Ottawa’s commercial market slated for rebound: Altus

by Neil Sharma on 29 Mar 2021

Total investment in Ottawa’s commercial real estate market decreased by 36% on an annual basis in 2020, as the COVID-19 pandemic cooled commerce in the city, according to research from Altus Group.

Investment fell to $1.5 billion from a record $2.5 billion in 2019, however, the volume of deals only declined by 3%, which signifies that transactions continued at a near normal pace but at discounted values. Institutional investors took wait-and-see approaches through most of 2020, as well. Additionally, there was a significant chasm between what buyers were prepared to pay and what sellers demanded. In Q4-2020, there was $498 million in transaction volumes, down by 8% year-over-year, indicating a softer landing to close the year.

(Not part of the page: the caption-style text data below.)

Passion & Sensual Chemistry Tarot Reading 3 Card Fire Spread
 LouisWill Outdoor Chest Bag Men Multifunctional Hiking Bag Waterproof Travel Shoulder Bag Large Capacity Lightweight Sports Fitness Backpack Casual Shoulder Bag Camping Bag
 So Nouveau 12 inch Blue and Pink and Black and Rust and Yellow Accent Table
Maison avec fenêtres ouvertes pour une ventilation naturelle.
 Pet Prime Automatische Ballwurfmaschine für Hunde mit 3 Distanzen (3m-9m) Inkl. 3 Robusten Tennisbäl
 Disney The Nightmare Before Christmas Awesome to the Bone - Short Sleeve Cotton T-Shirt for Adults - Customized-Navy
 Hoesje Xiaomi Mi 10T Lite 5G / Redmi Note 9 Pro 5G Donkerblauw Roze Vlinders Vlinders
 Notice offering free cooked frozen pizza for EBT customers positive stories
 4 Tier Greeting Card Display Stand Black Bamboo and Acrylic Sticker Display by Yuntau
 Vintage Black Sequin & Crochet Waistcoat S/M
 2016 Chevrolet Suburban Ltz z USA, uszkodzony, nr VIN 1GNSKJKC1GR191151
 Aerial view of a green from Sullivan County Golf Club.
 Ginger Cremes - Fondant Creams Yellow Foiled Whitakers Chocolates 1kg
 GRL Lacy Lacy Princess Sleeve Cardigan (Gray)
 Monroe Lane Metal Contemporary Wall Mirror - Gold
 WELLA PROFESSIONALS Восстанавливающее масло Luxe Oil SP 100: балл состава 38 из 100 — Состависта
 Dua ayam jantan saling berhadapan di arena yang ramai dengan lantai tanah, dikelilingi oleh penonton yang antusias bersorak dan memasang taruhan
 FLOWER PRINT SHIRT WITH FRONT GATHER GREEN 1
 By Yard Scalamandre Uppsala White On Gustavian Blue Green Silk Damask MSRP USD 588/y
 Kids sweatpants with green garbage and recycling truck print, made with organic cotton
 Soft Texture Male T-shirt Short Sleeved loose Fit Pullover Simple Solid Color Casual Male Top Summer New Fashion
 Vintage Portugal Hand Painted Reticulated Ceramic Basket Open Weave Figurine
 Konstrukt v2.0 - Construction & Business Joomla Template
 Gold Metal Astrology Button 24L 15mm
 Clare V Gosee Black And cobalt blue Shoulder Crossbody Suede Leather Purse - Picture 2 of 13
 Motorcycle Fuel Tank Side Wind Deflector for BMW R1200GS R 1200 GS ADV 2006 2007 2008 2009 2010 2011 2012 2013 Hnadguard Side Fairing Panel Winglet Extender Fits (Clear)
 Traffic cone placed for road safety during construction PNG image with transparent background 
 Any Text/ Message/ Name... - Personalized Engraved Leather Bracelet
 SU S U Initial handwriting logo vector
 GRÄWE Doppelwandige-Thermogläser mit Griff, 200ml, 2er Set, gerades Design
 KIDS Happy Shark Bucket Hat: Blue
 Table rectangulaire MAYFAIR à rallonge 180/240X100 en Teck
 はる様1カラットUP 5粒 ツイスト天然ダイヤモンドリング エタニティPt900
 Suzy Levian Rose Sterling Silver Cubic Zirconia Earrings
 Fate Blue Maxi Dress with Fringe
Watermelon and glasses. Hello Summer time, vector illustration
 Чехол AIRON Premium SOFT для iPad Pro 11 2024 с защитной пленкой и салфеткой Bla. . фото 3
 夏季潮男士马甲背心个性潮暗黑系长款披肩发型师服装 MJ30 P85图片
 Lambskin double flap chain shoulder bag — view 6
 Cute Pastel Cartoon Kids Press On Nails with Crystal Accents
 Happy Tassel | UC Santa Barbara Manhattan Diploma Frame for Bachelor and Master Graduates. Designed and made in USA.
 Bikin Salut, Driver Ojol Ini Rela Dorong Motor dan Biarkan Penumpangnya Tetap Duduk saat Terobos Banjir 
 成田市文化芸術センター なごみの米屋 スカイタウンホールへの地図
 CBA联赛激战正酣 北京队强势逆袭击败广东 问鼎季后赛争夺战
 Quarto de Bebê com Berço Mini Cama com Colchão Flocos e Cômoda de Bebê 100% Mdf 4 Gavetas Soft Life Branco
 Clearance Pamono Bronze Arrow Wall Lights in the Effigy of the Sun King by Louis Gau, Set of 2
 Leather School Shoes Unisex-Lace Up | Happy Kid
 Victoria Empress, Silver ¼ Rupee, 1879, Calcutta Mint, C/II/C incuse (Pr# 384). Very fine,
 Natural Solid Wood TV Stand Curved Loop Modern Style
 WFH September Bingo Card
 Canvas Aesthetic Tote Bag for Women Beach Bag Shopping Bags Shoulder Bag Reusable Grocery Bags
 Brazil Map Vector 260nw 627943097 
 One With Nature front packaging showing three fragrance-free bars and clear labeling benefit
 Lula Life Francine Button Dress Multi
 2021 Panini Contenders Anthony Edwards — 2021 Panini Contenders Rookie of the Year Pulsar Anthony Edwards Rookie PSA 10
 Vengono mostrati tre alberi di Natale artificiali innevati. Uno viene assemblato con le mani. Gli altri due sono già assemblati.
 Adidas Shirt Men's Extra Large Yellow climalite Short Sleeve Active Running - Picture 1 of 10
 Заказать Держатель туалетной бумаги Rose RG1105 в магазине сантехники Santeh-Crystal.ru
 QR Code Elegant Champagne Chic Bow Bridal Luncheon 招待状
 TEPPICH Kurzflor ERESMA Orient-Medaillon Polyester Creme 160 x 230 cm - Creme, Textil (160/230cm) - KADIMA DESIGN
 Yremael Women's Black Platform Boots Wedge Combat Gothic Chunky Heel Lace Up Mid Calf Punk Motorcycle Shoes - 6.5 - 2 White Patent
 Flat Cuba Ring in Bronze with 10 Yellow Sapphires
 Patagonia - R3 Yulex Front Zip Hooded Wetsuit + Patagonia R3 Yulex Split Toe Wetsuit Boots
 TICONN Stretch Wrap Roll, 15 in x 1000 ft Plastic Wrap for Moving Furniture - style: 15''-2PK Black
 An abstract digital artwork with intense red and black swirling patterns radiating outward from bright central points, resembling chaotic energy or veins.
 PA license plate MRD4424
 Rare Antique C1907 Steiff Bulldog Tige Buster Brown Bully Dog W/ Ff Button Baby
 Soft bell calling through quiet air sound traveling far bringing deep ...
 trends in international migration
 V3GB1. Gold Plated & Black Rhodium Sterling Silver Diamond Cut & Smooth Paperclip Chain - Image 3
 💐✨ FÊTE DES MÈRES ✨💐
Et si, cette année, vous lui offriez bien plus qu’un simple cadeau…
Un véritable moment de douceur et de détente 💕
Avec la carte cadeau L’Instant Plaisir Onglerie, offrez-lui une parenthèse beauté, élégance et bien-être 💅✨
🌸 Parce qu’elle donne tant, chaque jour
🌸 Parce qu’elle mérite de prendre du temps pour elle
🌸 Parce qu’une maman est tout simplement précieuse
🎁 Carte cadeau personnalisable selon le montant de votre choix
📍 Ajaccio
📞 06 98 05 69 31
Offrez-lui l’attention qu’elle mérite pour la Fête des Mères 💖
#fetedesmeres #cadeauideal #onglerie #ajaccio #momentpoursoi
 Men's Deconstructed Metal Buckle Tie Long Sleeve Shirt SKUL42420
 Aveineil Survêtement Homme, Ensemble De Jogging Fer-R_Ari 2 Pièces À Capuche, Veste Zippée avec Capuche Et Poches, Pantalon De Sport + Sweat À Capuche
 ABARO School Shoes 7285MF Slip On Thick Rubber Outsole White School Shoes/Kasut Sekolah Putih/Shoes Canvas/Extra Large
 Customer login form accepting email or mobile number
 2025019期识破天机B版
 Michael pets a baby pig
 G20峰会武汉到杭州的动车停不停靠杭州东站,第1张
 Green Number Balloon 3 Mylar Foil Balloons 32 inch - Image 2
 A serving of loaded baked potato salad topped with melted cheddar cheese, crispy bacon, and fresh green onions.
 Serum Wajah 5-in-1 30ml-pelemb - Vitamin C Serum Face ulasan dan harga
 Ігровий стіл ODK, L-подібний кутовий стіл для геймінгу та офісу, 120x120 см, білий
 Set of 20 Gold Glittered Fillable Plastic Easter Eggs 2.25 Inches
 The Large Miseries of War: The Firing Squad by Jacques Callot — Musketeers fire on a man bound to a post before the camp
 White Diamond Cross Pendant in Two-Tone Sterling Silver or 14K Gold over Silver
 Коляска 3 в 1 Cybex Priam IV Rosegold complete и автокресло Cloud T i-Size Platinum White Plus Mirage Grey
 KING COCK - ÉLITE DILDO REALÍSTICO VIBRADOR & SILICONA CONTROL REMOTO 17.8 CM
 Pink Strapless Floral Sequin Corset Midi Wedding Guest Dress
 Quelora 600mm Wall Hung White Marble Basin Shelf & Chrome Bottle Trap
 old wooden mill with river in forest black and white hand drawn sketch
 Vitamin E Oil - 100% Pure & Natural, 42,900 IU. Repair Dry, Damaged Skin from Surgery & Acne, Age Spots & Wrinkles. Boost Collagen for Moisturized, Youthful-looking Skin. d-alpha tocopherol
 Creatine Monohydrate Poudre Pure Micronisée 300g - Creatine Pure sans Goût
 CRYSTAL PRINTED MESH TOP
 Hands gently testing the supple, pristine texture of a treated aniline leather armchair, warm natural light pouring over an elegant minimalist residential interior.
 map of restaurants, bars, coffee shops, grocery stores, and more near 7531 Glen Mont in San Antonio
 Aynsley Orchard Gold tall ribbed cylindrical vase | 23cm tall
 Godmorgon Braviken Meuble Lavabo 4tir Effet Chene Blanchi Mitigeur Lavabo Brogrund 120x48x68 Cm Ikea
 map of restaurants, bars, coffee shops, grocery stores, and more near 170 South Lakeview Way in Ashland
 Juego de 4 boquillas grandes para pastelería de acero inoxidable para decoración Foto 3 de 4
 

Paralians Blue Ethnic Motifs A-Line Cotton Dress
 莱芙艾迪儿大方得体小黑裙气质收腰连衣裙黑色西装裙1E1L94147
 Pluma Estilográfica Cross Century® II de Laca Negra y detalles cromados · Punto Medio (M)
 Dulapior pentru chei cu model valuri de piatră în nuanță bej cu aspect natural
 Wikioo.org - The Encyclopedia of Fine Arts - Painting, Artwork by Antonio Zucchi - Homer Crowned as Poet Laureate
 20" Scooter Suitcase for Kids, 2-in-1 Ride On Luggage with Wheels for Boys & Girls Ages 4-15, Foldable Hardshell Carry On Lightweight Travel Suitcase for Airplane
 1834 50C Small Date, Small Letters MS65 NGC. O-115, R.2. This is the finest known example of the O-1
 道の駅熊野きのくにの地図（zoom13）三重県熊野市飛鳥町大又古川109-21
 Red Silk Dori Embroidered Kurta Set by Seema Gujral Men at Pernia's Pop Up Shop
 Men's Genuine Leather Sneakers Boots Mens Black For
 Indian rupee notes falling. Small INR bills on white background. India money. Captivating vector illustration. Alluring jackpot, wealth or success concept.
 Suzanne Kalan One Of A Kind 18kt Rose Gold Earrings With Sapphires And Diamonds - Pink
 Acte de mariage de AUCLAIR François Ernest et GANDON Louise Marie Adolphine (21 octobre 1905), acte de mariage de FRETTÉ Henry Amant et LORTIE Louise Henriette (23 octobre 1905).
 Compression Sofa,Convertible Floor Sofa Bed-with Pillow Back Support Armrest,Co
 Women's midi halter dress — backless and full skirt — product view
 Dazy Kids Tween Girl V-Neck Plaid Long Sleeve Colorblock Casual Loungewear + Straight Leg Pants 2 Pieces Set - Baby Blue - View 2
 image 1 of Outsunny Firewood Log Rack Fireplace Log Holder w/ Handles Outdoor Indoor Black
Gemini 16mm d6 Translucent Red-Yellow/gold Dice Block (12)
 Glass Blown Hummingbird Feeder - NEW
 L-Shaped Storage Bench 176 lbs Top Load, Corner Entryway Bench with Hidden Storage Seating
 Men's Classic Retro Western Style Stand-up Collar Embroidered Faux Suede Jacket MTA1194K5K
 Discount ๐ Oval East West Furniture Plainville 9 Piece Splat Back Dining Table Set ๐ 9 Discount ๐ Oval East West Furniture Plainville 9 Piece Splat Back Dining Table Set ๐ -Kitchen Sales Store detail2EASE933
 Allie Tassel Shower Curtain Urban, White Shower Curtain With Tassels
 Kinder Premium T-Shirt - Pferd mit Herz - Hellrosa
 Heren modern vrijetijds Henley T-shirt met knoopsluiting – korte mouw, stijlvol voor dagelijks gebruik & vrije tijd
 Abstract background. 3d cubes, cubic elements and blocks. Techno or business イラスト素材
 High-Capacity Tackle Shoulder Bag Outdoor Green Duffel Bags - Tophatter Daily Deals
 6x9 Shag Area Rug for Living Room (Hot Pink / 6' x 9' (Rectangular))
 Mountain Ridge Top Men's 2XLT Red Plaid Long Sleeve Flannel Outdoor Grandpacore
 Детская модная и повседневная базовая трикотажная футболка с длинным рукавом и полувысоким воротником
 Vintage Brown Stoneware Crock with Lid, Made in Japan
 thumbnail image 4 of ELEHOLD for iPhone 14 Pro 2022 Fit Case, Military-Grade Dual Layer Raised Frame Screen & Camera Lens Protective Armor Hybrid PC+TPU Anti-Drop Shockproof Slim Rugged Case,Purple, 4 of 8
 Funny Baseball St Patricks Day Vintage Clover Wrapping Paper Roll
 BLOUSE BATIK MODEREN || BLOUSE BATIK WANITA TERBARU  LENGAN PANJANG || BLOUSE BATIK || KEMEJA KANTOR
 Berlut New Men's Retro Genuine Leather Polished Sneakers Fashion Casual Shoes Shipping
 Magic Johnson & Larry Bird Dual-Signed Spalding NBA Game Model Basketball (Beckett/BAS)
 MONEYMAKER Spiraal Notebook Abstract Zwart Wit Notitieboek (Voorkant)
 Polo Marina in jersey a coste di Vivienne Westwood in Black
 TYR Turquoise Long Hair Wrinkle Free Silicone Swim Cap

Ottawa’s residential and industrial, commercial, institutional (ICI) land sectors each grew by 5% annually in 2020—the former by $332 million and ICI by $212 million—because, according to Altus, Ottawa is suffering from scarce supply of both residential and commercial space amid raging demand. Moreover, at $396 million and $361 million, the apartment and office sectors respectively sat atop total investments in Ottawa last year, however, both decreased by 34% and 46% on an annual basis. Industrial also had the starkest decline in investment at only $82 million, which is a whopping 75% below 2019 levels, and the retail sector, at $99 million, dropped by 72%.

Altus’s research expressed belief that a COVID-19 vaccine will restore certainty to Ottawa’s commercial real estate market, and that it will, therefore, renew activity. Given that the fourth quarter of 2020 was replete with optimistic signs in the market, Altus believes the market will perform strongly in 2021.